2003 Seattle Annual Meeting (November 2–5, 2003)

Paper No. 2
Presentation Time: 8:15 AM

MORPHOLOGICAL INTEGRATION AND MACROEVOLUTION: IS INTEGRATION THE CONVERSE OF MODULARITY?


ABSTRACT WITHDRAWN

, eble@santafe.edu

Morphological integration has been a central theme in macroevolutionary studies. Evolutionary radiations, morphospace occupation, disparity, novelties, clade dynamics, constraints, allometry, and developmental evolution are often documented in terms of morphological integration. At the same time, the complementary theme of modularity has occupied center stage in evolutionary developmental biology, and has also been applied to macroevolutionary questions. As paleobiology joins evolutionary developmental biology in the expansion of evolutionary theory, a crucially important question arises: is integration simply the converse of modularity?

The relationship between integration and modularity need not be fixed. Lack of equivalence and imperfect correlation can vary substantially because of

a) The geometry of organisms: the size and shape of body parts can differentially affect patterns of character connectivity. For homogeneous parts such as serial homologues, modularity may increase or decrease without change in integration. For heterogeneous parts, mismatches between inferred modularity and integration may be common.

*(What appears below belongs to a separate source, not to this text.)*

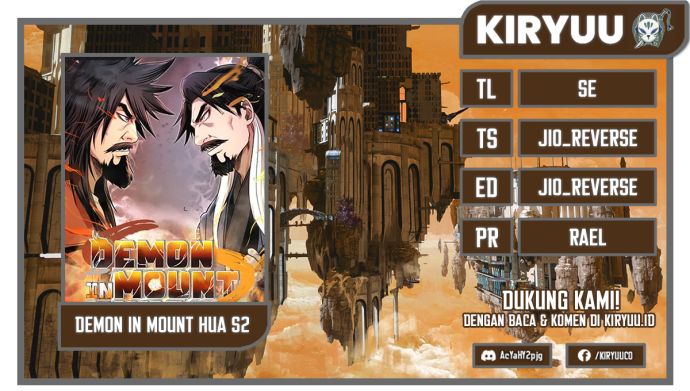 Demon in Mount Hua Chapter 60 Bahasa Indonesia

b) The topology of morphospace: Intrinsic heterogeneities in morphospace structure can induce asymmetric transition probabilities. Changes in modularity or integration may not be reversible or equiprobable. Factorizations of echinoid morphospace suggest clear mismatches between regular and irregular echinoids in the large-scale evolution of modularity and of integration. Differences in dimensionality, ontogeny, and taxonomic structure help explain such mismatches.

c) Historical contingency: The relationship between integration and modularity is conditioned on which possible phenotypes have actually evolved, their location in morphospace, intrinsic origination and extinction probabilities, biogeographic and ecological factors, and the extent to which the history of occupation of morphospace is representative of its structure.